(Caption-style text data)
# # # #

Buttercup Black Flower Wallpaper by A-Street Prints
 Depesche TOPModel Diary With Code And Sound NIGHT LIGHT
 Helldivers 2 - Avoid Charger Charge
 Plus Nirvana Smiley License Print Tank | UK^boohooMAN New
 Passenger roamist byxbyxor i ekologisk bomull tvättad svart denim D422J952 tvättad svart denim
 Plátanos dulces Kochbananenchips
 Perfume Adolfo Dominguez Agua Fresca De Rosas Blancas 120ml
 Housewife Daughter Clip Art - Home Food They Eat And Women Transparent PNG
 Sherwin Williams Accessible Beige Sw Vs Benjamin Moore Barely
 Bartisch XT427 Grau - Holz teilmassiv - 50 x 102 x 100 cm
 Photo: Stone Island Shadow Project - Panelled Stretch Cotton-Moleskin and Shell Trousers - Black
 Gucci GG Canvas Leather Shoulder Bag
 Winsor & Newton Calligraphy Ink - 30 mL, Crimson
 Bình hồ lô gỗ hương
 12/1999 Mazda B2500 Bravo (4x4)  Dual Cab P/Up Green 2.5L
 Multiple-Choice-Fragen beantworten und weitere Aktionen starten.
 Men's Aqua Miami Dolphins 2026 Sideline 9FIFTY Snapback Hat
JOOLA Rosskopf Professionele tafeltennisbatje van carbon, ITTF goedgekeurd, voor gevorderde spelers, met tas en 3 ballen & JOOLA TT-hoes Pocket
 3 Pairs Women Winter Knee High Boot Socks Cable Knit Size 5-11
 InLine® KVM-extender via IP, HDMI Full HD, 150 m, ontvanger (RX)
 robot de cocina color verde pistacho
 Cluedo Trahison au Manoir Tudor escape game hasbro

# # # #

=== YOUR GOAL ===
All lines above from the line with "Passenger roamist byxbyxor" through the line with "Photo: Stone Island", both included, are to be set down exactly, with nothing else.

=== RESULT FOR THIS TASK ===
 Passenger roamist byxbyxor i ekologisk bomull tvättad svart denim D422J952 tvättad svart denim
 Plátanos dulces Kochbananenchips
 Perfume Adolfo Dominguez Agua Fresca De Rosas Blancas 120ml
 Housewife Daughter Clip Art - Home Food They Eat And Women Transparent PNG
 Sherwin Williams Accessible Beige Sw Vs Benjamin Moore Barely
 Bartisch XT427 Grau - Holz teilmassiv - 50 x 102 x 100 cm
 Photo: Stone Island Shadow Project - Panelled Stretch Cotton-Moleskin and Shell Trousers - Black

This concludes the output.